Directions: Starting at the top of the records below and ending with the line that contains "MGM Classic Lion", print each line exactly as written, skipping the pictures.

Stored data
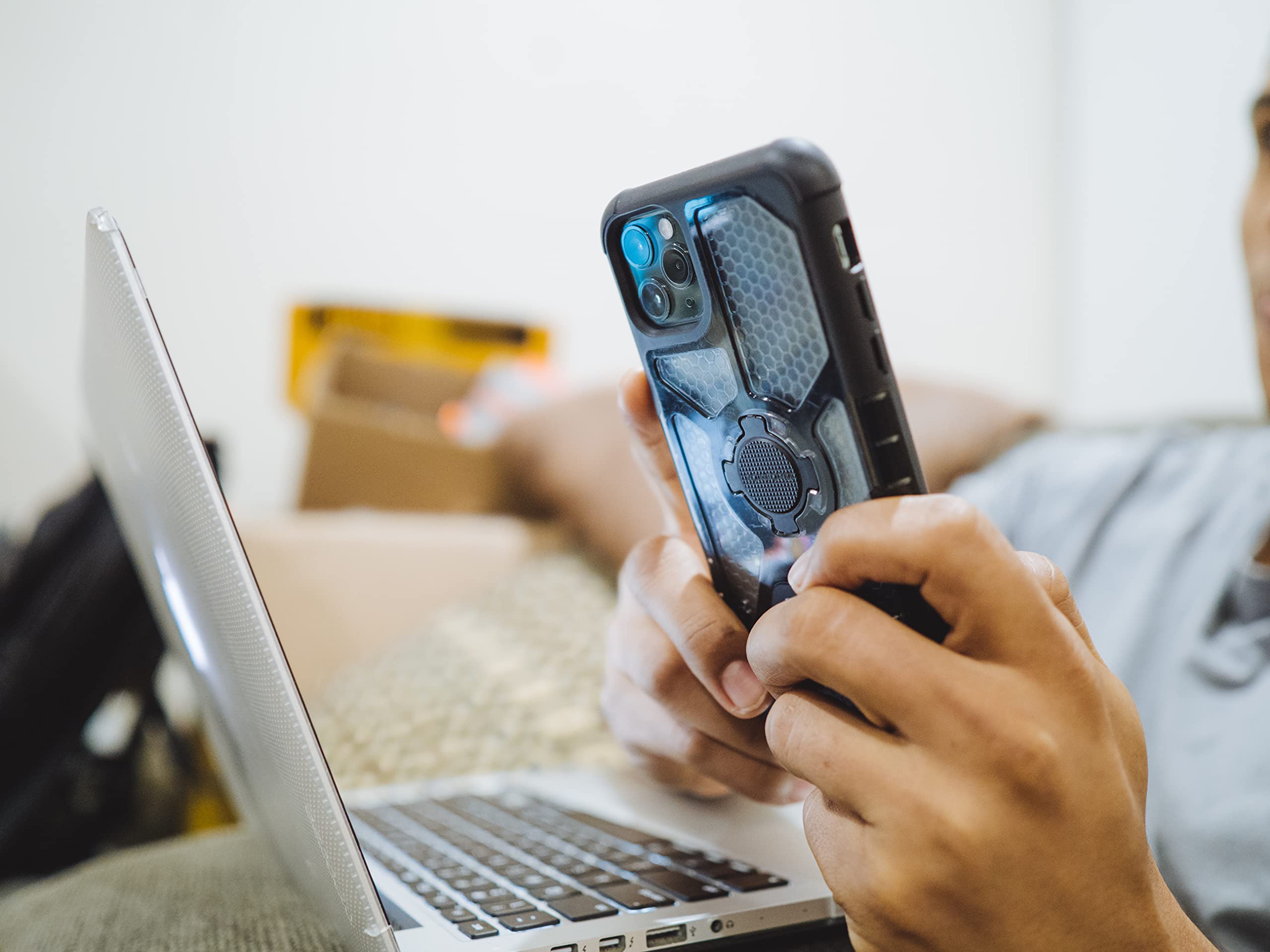 ROKFORM iPhone 11 Pro Case - Slim Crystal Series Clear Magnetic Cover with RokLock Quad Tab Twist Lock, Dual Magnet, Drop Tested Armor - Perfect for Outdoor Adventures and Daily Use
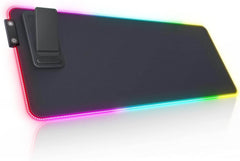 XXL RGB Podloga za Miško z Nosilcem za Mobilni Telefon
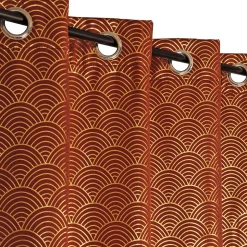 Rideau Thermique Occultant Bordeaux à Motifs Arc-en-Ciel 140x240cm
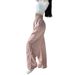 Summer New Style Women's Personalized Drawstring Casual Elastic Waist Multi Color Long Pants_ecoleips.com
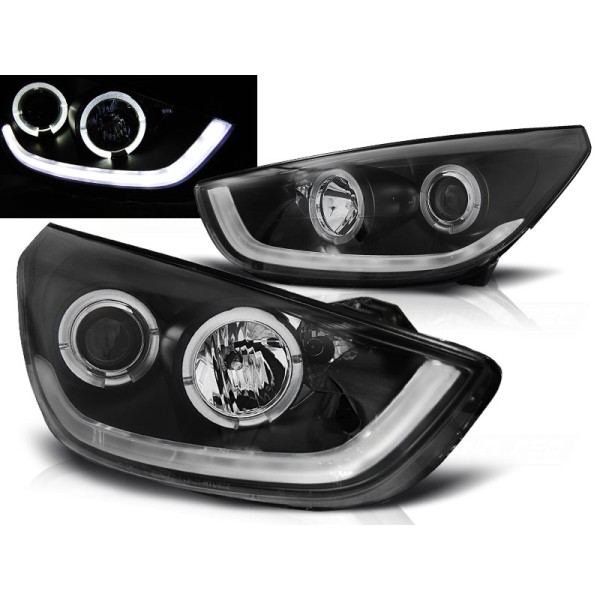 HYUNDAI IX35 10-13 - predné čierna svetlá TUBE LIGHT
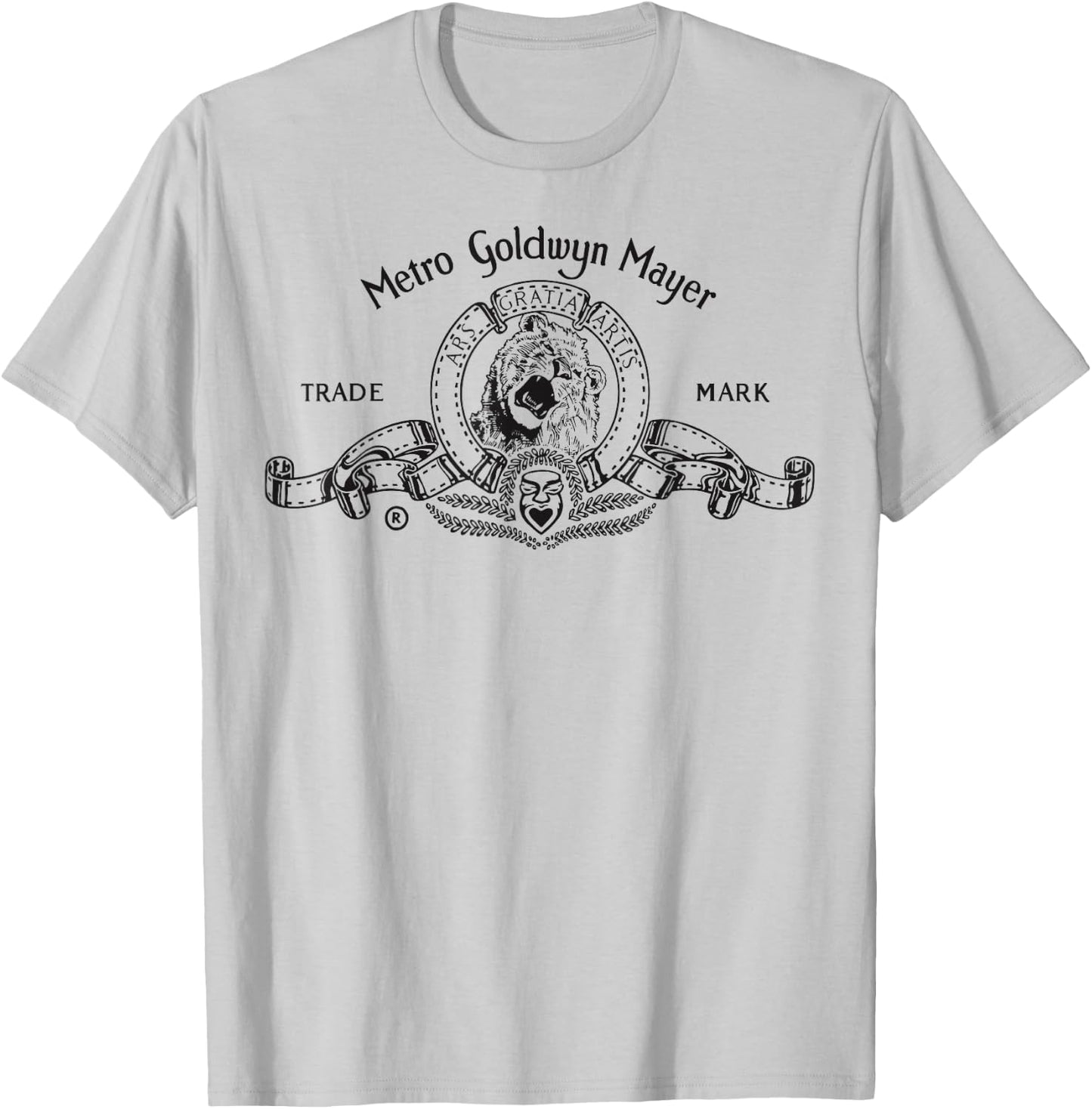 MGM Classic Lion Outlined Logo T-Shirt - T-Shirt | Ash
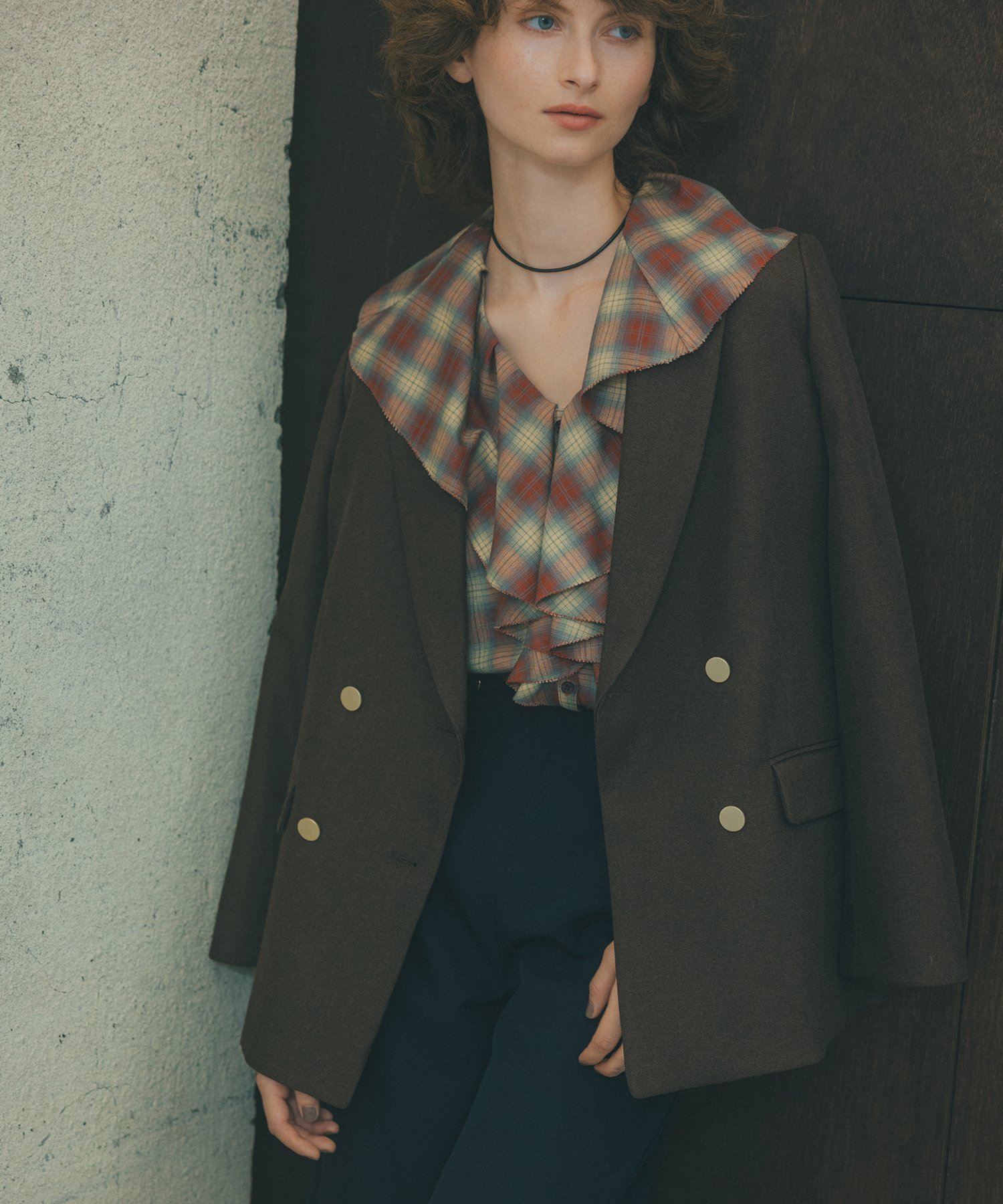 【エヌ ナチュラルビューティーベーシック/N.Natural Beauty basic】のダブルブレストテーラードジャケット インテリア・キッズ・メンズ・レディースファッション・服の通販 founy(ファニー) ファッション Fashion レディースファッション Fashion for Women アウター Coat / Outerwear Collection レディースジャケット・軽アウター Jackets テーラードジャケット / 通勤・きれいめスタイル Tailored Jackets & Blazers おすすめ Recommended / Our Picks ストライプ Stripe, Striped Pattern トレンド Trend, Trending Now メランジ Melange, Mixed Yarn 無地 Plain, Solid Color ダークブラウンミックス3|ID: prp329100004713232 ipo3291000000034085924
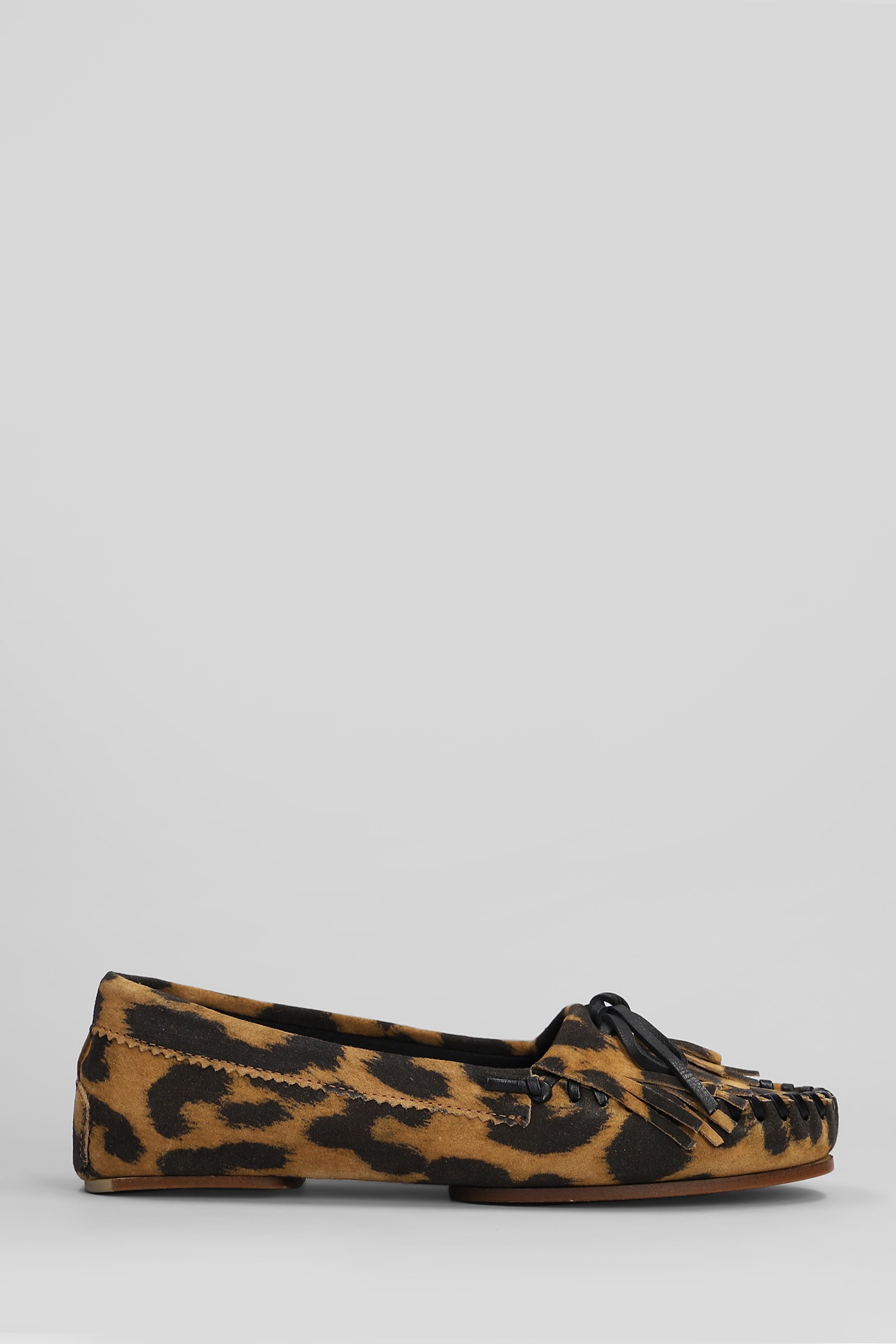 Indiana Loafer Loafers In Animalier Suede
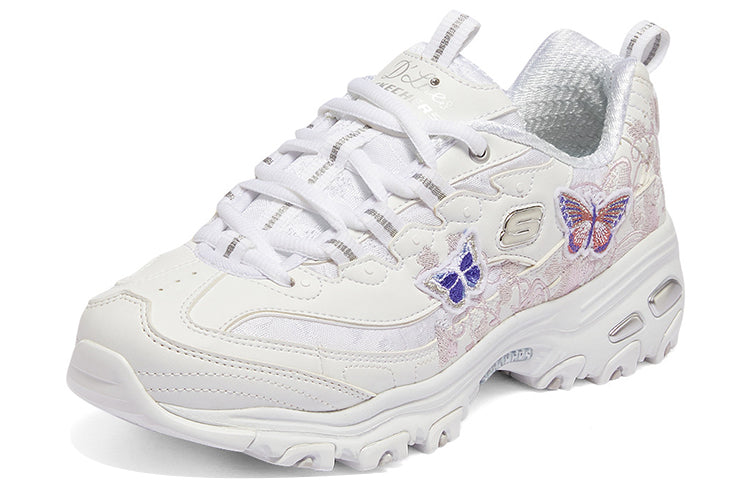 (WMNS) Skechers DLites 'White Butterfly' 149908-WHT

Solution to this problem:
 ROKFORM iPhone 11 Pro Case - Slim Crystal Series Clear Magnetic Cover with RokLock Quad Tab Twist Lock, Dual Magnet, Drop Tested Armor - Perfect for Outdoor Adventures and Daily Use
 XXL RGB Podloga za Miško z Nosilcem za Mobilni Telefon
 Rideau Thermique Occultant Bordeaux à Motifs Arc-en-Ciel 140x240cm
 Summer New Style Women's Personalized Drawstring Casual Elastic Waist Multi Color Long Pants_ecoleips.com
 HYUNDAI IX35 10-13 - predné čierna svetlá TUBE LIGHT
 MGM Classic Lion Outlined Logo T-Shirt - T-Shirt | Ash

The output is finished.